The Committee stopped its debates after 7 hours, in which it reached only Article 3 of the ordinance referring to the very situation of taxpayers that will not be part of the split VAT system but have contractual relations with companies that are in this system.

“Only those that are insolvent or have arrears will be required to open a special VAT account for others to transfer the VAT amount to this account. Question is: can third parties be some entities that have the same VAT split system or some that do not have the VAT split system? The form existing at the Senate includes everyone. Both those who are under the split VAT system and those who are not under the split VAT system but are in the situation to make invoice payments to those who are under the split VAT system and they must make split payments. So, each invoice will generate two payment orders: one to the VAT account, the other to the main account of the invoice issuer,” explained the Committee Chairman Viorel Stefan, quoted by Agerpres.

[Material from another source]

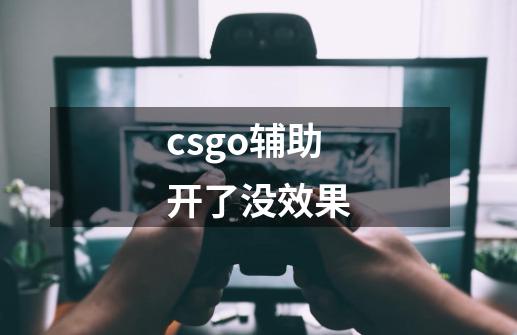 csgo辅助开了没效果-第1张-游戏资讯-智辉网络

Viorel Stefan also said that the proposal of the Chamber of Fiscal Consultants and the Coalition for Romania’s Development would mean that the companies not included in the system would make the payments to the main account of the supplier and the supplier would make the payment to the VAT account voluntarily, from the amount received.

That “seems easy at the first glance, but at a closer analysis, we can see that, in fact, these suppliers, if they are registered in this split VAT system, it means they have financial problems. If they have financial problems, it is no longer a guarantee that the money collected in the current account, in the taxpayer’s main account, is still there and may be transferred to the special VAT account. In other words, the purpose this ordinance (…) could be mostly compromised,” added Viorel Stefan.

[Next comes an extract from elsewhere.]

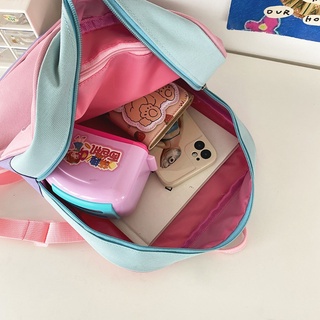 ran japonés bolsa de la escuela de color caramelo transparente amor en forma de corazón mochila para mujeres niñas (7)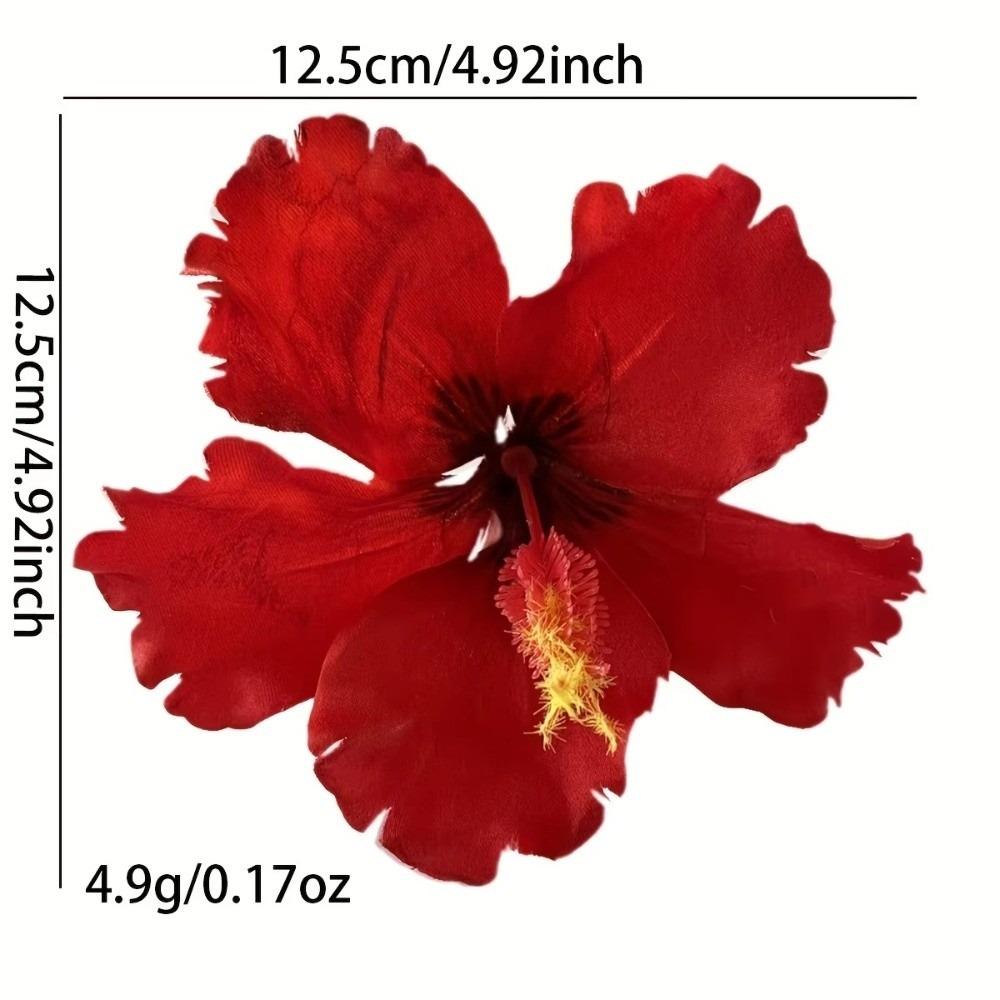 Floare Artificială Floare de Hibiscus Agrafă de Păr Nu Rănește Părul Stil Bohemia Accesorii de Păr Fotografie Plajă Călătorie Agrafă Laterală pentru Nuntă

Debates will continue next Monday, and until then the Finance Ministry, the committee experts and business representatives will be analysing the solutions for this case.

“We took Monday as a deadline when we are planning to have a special meeting to finalize this report, to think about the solution. (…) If we shall not be able to come up with a formula for adopting the ordinance by law, then the ordinance remains in effect in the form issued, and as of January 1, it is to take effect as such. It is not the most desirable solution to intervene with an emergency ordinance to amend another emergency ordinance. I believe that we can also find solutions by the law of approval, to make these matters operational,” Viorel Stefan also said.

Viorel Stefan pointed out that a position assumed by the Government on these amendments is needed. “There is a need for an opinion assumed on these amendments that have been raised within the committee today,” the chairman of the committee said.

The Budget-Finance Committee of the Chamber of Deputies decided on Tuesday to keep the Senate’s amendments to the Emergency Ordinance 23/2017 on the split VAT, in the sense that this measure is mandatory only for companies that register outstanding debts in the payment of this tax or are in the insolvency process, but has increased the debt thresholds from which companies apply this system.